The inner formation is a square, a shape constructed by four perfectly straight lines. The outer shape resembles a square, but is round around the edges. Two windows are oriented symmetrically on each side for ventilation. One window has a window sill to place the food collected from the farm. The doorway was deliberately positioned on the left side of the wall restricting sight from the entrance and thus, creating privacy for the inhabitant. The inner square shape contrasted with the outer rounded edges symbolize a deeper transitional moment in mankind’s relationship to nature. The inner square enables optimal space efficiency due to the nature of the human body; the linearity of the body, both vertically and horizontally, can fit in every direction. The outer formation is rounded to alleviate the work in building the structure. The choice of labor allocation in this manner illustrates a mindset that was largely concerned with practicality and efficiency.
The necessity for the origination of the shelter arose from a desire to grow food from the land. The underlying premise for the construction of this space was to more wisely serve the human body. Straight lines are a human invention crafted by replication of the human body form. Curvature is the quintessence of nature. The configuration of the rounded square containing the geometric square displays a human creation protected by nature. This presentation imparts a philosophy of struggle in man’s relationship with nature. On the one hand, man is subservient to nature as he is bounded and protected by it. Yet on the other, man is equipped to impose structures on nature.
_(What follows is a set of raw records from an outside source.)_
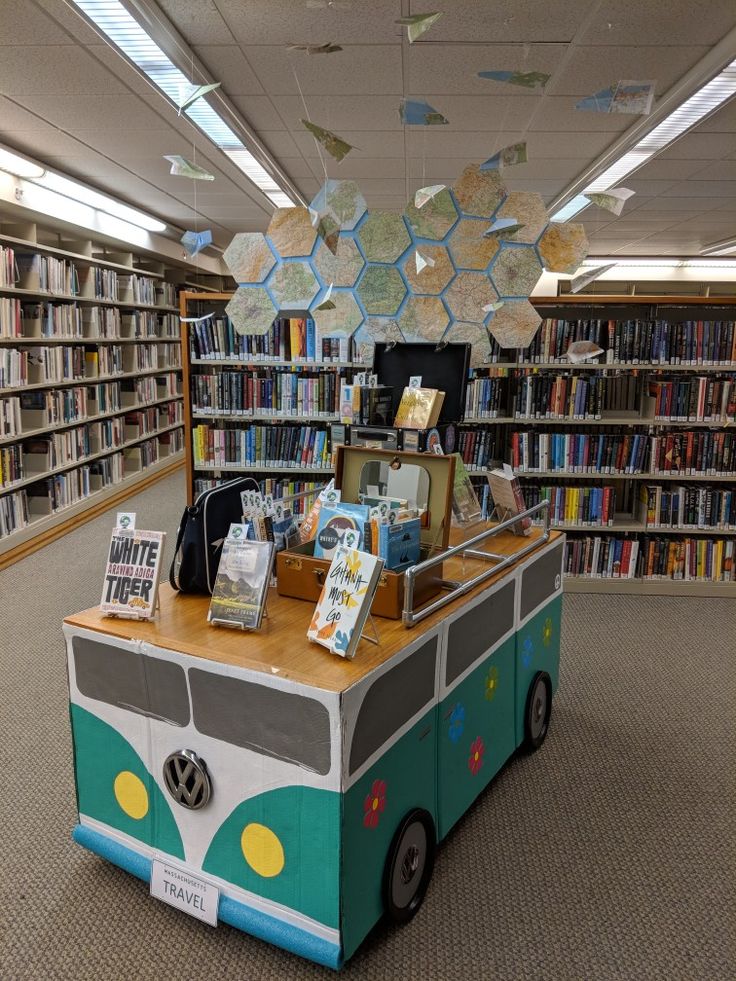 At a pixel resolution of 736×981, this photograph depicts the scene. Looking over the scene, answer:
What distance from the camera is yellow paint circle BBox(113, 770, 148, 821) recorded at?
195cm

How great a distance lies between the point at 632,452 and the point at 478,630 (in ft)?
8.82

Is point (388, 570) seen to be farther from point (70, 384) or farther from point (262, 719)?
point (70, 384)

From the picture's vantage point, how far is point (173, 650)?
178 cm

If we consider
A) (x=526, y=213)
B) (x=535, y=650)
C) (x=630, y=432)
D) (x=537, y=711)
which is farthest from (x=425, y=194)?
(x=630, y=432)

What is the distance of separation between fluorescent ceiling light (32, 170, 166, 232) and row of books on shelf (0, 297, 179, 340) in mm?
890

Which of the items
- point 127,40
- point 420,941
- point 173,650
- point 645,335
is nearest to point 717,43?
point 645,335

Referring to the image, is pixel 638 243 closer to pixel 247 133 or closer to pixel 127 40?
pixel 247 133

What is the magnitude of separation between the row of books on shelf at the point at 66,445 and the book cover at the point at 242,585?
3.86m

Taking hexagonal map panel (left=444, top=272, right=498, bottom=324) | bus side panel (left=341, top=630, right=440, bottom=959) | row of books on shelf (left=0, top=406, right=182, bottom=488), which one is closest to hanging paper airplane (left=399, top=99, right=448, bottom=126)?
hexagonal map panel (left=444, top=272, right=498, bottom=324)

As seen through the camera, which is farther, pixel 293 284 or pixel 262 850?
pixel 293 284

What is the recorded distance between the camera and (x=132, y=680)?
1.88 m

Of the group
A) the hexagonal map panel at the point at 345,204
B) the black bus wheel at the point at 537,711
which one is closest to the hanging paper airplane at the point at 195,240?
the hexagonal map panel at the point at 345,204

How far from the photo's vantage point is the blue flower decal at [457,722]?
6.93 ft

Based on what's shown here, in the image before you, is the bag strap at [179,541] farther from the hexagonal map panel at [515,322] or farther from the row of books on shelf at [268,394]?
the row of books on shelf at [268,394] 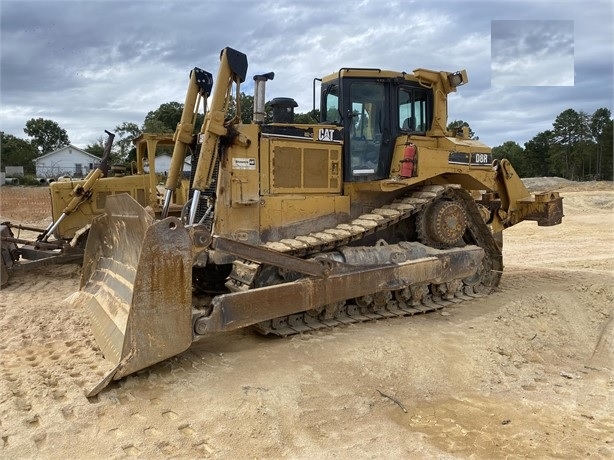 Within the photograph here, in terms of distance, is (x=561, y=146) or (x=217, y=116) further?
(x=561, y=146)

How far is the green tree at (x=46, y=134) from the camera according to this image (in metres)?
66.5

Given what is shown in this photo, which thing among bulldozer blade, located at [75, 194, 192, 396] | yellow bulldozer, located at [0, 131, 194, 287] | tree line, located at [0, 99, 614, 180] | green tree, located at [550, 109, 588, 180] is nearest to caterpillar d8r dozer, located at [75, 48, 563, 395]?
bulldozer blade, located at [75, 194, 192, 396]

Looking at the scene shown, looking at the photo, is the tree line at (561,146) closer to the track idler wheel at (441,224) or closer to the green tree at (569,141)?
the green tree at (569,141)

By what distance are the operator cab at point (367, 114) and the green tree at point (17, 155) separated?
5564cm

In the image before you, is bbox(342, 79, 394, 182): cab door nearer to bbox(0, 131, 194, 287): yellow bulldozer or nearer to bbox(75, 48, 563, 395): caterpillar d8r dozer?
bbox(75, 48, 563, 395): caterpillar d8r dozer

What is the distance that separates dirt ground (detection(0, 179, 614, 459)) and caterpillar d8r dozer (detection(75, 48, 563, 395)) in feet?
1.12

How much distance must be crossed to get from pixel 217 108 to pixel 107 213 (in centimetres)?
171

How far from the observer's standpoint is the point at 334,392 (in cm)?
423

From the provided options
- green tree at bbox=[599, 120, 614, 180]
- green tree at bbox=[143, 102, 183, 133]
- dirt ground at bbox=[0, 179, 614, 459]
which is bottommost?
dirt ground at bbox=[0, 179, 614, 459]

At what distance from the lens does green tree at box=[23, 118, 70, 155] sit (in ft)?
218

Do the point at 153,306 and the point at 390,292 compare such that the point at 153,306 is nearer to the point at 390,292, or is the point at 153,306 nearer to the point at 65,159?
the point at 390,292

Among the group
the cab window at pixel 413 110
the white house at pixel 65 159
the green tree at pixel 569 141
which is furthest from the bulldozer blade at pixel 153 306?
the white house at pixel 65 159

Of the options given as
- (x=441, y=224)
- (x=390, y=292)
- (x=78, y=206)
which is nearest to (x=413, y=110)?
(x=441, y=224)

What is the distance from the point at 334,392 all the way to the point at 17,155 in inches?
2370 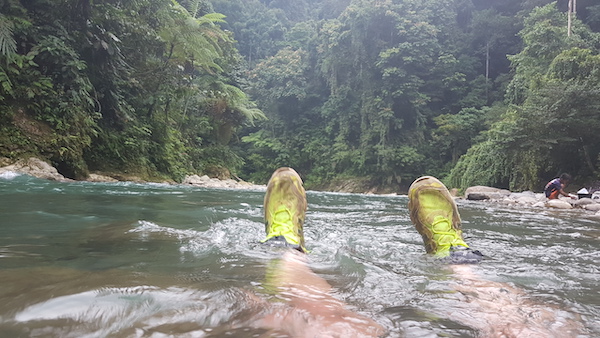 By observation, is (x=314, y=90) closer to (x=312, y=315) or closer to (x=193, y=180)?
(x=193, y=180)

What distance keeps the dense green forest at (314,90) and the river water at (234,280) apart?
180 inches

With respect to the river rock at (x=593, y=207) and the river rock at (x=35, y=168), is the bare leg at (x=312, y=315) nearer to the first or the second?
the river rock at (x=35, y=168)

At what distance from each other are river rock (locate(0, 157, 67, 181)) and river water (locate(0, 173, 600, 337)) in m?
3.00

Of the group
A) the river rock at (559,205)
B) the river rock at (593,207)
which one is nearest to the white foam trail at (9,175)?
the river rock at (559,205)

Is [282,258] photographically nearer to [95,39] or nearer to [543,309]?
[543,309]

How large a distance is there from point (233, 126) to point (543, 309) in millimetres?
14325

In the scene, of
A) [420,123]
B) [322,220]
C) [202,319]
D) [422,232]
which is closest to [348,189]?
[420,123]

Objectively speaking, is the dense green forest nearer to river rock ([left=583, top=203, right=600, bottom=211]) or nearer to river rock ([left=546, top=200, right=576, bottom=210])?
river rock ([left=546, top=200, right=576, bottom=210])

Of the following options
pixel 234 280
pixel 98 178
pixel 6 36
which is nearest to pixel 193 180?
pixel 98 178

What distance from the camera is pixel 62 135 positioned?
19.0ft

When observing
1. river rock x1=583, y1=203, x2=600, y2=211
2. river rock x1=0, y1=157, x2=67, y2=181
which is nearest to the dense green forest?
river rock x1=0, y1=157, x2=67, y2=181

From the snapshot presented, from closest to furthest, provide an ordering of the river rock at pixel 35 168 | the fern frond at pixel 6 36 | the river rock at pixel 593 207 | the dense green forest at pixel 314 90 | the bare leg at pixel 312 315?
1. the bare leg at pixel 312 315
2. the fern frond at pixel 6 36
3. the river rock at pixel 35 168
4. the river rock at pixel 593 207
5. the dense green forest at pixel 314 90

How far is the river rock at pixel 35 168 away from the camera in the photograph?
4.93m

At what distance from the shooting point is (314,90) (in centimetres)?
2302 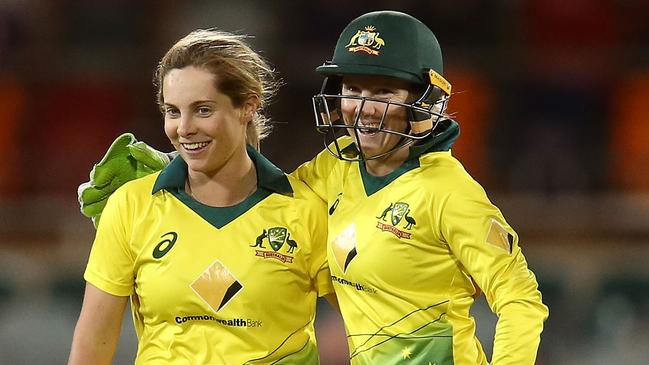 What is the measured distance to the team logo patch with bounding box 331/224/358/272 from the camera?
106 inches

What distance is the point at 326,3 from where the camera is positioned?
771cm

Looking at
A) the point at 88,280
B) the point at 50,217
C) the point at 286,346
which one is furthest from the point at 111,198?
the point at 50,217

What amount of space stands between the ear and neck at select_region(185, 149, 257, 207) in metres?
0.10

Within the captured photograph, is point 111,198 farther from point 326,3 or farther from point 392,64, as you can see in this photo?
point 326,3

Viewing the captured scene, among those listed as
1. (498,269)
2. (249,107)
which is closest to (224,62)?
(249,107)

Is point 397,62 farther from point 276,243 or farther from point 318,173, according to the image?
point 276,243

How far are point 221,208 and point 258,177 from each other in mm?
125

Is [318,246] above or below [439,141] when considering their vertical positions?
below

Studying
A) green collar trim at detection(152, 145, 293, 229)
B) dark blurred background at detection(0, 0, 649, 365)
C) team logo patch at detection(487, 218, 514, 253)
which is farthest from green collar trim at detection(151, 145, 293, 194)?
dark blurred background at detection(0, 0, 649, 365)

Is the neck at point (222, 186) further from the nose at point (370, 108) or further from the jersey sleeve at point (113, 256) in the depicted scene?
the nose at point (370, 108)

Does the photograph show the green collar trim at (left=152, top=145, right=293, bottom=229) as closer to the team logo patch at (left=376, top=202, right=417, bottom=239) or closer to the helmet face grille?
the helmet face grille

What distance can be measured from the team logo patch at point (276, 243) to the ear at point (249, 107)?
0.27 meters

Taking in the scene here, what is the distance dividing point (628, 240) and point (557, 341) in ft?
3.58

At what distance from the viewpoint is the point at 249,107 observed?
2.80 metres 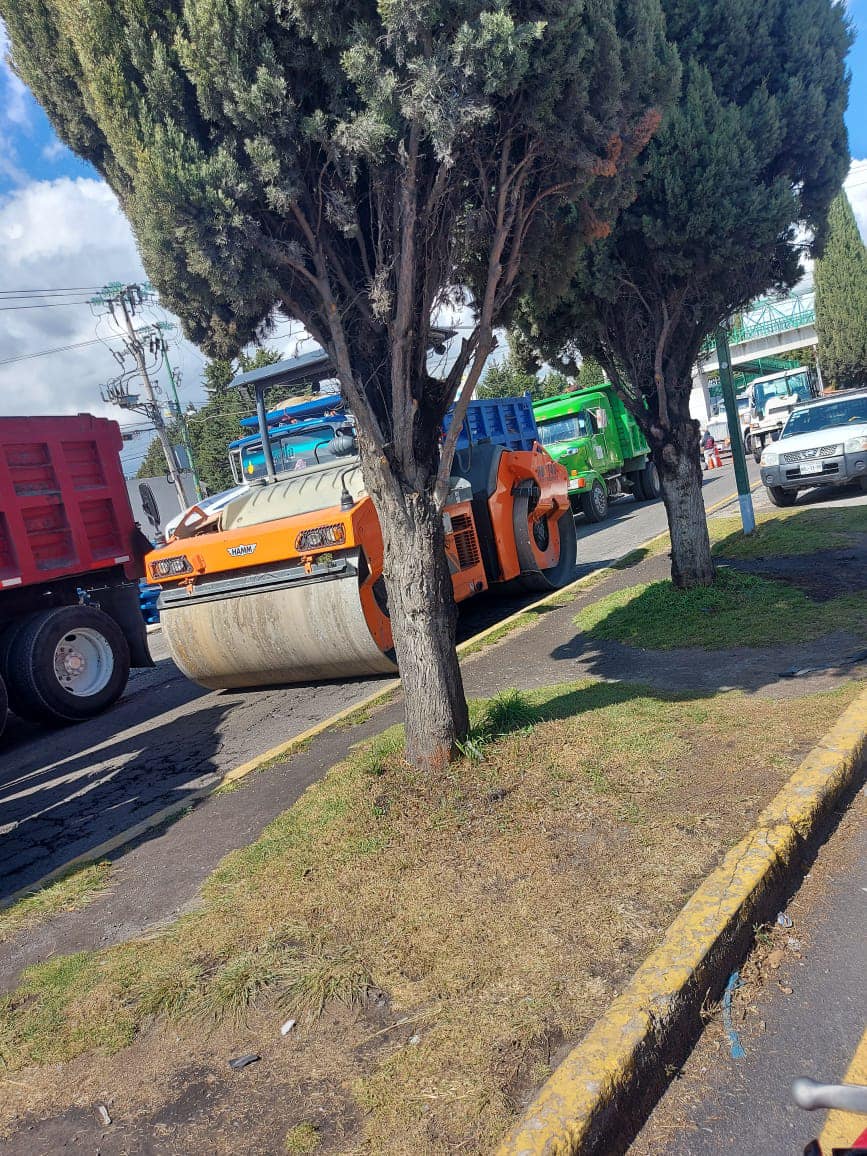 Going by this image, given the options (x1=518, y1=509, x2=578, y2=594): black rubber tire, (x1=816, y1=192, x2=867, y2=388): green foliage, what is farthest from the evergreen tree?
(x1=518, y1=509, x2=578, y2=594): black rubber tire

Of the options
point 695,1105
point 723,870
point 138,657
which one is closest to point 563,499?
point 138,657

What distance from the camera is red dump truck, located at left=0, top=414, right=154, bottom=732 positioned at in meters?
8.38

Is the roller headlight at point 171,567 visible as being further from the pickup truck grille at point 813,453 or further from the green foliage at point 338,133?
the pickup truck grille at point 813,453

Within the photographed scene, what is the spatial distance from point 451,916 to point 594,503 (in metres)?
14.6

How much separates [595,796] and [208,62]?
Answer: 354 cm

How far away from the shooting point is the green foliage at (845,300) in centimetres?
4262

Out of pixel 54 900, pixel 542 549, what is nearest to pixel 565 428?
pixel 542 549

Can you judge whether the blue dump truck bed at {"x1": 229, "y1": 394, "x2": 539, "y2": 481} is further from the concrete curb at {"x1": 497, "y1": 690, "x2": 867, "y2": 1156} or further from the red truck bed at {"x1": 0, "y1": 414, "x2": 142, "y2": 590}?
the concrete curb at {"x1": 497, "y1": 690, "x2": 867, "y2": 1156}

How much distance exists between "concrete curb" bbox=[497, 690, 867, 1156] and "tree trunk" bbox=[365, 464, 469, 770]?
5.22 feet

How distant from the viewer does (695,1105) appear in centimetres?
241

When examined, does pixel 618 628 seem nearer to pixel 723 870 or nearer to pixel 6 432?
pixel 723 870

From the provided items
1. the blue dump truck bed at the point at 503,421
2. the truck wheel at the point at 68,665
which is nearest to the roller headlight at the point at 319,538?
the truck wheel at the point at 68,665

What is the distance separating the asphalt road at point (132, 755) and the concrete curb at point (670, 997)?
11.2ft

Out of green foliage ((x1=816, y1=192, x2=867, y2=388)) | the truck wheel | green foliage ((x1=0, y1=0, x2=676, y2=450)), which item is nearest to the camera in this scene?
green foliage ((x1=0, y1=0, x2=676, y2=450)) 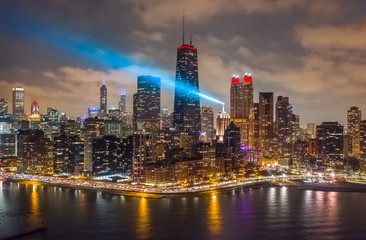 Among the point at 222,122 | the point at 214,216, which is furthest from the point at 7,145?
the point at 214,216

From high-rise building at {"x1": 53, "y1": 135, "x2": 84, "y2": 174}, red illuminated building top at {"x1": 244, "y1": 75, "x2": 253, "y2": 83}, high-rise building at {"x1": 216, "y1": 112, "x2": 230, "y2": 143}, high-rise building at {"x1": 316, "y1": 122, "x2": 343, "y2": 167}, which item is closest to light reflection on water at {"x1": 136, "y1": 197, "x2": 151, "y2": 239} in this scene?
high-rise building at {"x1": 53, "y1": 135, "x2": 84, "y2": 174}

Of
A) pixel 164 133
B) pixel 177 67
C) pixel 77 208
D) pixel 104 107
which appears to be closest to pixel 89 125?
pixel 164 133

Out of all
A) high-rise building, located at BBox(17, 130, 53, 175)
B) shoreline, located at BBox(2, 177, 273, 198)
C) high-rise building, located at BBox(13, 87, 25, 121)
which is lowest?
shoreline, located at BBox(2, 177, 273, 198)

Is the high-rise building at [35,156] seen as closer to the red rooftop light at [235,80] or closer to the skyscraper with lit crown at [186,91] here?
the skyscraper with lit crown at [186,91]

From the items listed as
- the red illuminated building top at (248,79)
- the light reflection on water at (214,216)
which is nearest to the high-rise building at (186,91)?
the red illuminated building top at (248,79)

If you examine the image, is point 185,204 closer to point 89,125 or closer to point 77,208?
point 77,208

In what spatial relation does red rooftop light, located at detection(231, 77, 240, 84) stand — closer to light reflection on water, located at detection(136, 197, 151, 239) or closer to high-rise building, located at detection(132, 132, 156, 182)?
high-rise building, located at detection(132, 132, 156, 182)

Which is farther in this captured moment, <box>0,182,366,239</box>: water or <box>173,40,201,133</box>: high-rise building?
<box>173,40,201,133</box>: high-rise building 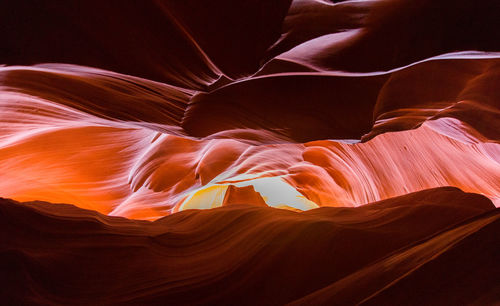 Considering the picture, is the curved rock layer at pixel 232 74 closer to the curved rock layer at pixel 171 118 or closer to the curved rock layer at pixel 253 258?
the curved rock layer at pixel 171 118

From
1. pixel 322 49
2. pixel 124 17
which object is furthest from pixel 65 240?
pixel 322 49

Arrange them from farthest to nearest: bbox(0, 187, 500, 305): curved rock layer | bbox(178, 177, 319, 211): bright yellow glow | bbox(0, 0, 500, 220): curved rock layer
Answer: bbox(178, 177, 319, 211): bright yellow glow
bbox(0, 0, 500, 220): curved rock layer
bbox(0, 187, 500, 305): curved rock layer

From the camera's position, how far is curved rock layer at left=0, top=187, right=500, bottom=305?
724mm

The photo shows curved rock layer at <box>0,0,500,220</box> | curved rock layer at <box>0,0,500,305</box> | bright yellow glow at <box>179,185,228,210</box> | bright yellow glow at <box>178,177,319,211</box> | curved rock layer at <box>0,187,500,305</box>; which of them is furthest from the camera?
bright yellow glow at <box>178,177,319,211</box>

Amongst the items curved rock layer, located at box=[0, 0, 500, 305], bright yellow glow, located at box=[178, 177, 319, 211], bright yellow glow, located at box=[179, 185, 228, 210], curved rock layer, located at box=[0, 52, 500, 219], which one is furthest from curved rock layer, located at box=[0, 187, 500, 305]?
bright yellow glow, located at box=[178, 177, 319, 211]

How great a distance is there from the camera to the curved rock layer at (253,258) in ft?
2.38

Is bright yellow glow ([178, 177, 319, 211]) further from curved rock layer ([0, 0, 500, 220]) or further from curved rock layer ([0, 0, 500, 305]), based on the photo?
curved rock layer ([0, 0, 500, 220])

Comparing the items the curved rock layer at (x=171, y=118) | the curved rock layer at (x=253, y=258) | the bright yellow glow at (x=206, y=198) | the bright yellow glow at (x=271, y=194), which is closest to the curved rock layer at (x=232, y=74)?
the curved rock layer at (x=171, y=118)

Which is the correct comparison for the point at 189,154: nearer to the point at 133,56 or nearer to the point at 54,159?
the point at 54,159

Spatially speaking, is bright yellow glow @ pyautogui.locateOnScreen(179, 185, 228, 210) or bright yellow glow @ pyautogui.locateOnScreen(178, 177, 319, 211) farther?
bright yellow glow @ pyautogui.locateOnScreen(178, 177, 319, 211)

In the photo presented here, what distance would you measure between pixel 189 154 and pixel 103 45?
1.19 m

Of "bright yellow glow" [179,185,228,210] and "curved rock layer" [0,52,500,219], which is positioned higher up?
"curved rock layer" [0,52,500,219]

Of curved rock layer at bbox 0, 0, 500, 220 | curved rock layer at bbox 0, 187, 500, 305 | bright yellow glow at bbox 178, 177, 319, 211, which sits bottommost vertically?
bright yellow glow at bbox 178, 177, 319, 211

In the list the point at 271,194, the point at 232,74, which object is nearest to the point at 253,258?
the point at 232,74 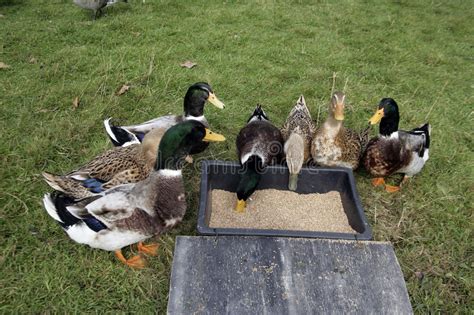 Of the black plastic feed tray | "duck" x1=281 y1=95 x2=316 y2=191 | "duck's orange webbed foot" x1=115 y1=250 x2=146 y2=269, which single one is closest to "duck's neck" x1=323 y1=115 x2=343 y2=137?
"duck" x1=281 y1=95 x2=316 y2=191

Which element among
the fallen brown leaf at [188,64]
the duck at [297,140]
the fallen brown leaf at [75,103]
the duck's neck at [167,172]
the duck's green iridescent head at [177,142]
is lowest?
the fallen brown leaf at [75,103]

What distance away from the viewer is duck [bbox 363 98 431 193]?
321 cm

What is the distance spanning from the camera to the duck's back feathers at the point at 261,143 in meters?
3.11

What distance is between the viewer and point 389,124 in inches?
127

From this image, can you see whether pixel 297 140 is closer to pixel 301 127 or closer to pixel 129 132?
pixel 301 127

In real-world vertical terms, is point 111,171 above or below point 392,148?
below

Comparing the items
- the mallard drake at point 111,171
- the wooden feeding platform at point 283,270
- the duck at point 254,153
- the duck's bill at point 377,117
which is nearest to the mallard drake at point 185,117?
the mallard drake at point 111,171

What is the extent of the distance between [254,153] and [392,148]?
118 cm

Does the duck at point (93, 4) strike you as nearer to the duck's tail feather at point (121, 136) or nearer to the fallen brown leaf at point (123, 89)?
the fallen brown leaf at point (123, 89)

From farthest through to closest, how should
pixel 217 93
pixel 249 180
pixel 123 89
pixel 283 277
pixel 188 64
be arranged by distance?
pixel 188 64 < pixel 217 93 < pixel 123 89 < pixel 249 180 < pixel 283 277

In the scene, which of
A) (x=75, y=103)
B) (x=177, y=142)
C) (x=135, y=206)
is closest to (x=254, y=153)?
(x=177, y=142)

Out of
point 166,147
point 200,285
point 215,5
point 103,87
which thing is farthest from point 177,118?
point 215,5

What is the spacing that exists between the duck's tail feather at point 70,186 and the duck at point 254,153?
41.8 inches

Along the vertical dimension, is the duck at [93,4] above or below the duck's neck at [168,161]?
below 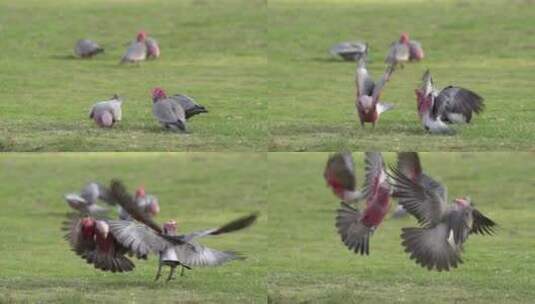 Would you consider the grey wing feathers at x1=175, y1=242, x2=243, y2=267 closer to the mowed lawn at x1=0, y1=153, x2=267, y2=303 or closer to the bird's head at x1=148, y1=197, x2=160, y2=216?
the mowed lawn at x1=0, y1=153, x2=267, y2=303

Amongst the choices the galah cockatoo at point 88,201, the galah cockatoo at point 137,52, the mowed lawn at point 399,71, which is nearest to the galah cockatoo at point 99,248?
the mowed lawn at point 399,71

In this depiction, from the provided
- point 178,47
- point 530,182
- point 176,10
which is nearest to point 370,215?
point 530,182

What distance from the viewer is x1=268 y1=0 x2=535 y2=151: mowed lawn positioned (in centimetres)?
2022

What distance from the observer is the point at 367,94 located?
62.0 feet

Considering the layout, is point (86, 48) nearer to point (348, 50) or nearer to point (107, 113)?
point (348, 50)

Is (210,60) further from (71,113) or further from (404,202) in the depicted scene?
(404,202)

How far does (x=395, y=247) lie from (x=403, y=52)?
13630 mm

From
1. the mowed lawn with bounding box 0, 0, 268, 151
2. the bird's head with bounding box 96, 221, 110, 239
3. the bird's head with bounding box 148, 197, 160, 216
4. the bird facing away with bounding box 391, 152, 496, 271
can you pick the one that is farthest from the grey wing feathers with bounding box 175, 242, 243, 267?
the bird's head with bounding box 148, 197, 160, 216

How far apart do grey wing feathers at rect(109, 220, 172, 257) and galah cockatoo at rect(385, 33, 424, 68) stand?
18303 millimetres

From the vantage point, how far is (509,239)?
66.7ft

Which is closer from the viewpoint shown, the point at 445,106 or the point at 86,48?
the point at 445,106

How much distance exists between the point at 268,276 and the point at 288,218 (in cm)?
675

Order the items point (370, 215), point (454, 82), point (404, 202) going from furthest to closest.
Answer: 1. point (454, 82)
2. point (370, 215)
3. point (404, 202)

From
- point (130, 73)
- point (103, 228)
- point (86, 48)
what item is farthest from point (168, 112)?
point (86, 48) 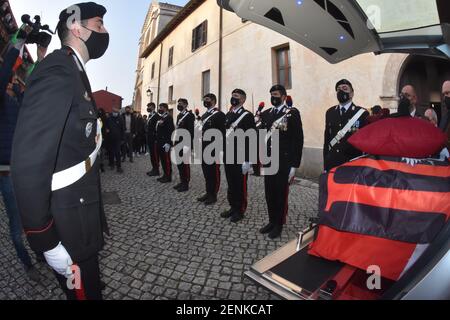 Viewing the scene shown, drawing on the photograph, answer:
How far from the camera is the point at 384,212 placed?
59.8 inches

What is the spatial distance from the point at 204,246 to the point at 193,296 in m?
1.02

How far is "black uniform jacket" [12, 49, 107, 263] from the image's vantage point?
1179 mm

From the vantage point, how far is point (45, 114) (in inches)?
47.4

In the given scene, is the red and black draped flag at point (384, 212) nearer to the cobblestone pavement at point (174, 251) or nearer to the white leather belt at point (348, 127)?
the cobblestone pavement at point (174, 251)

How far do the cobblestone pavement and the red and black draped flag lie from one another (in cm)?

Still, this work of art communicates a harmonious relationship of contradictory elements, and thus alludes a sense of comfort.
On the right is a red brick wall seen from a lateral perspective. This structure is rigid and made up entirely of linear lines. The structure also seems impermeable and conveys a strong and practical sense.
The juxtaposition of these two structures are shown through two different viewpoints: lateral and topographical. They depict two different ways the sight of humans captures the essence of a thing. The relationship of humans to nature is called into question through these two pieces. The differences in viewpoint challenge our understanding of space and what it does for us.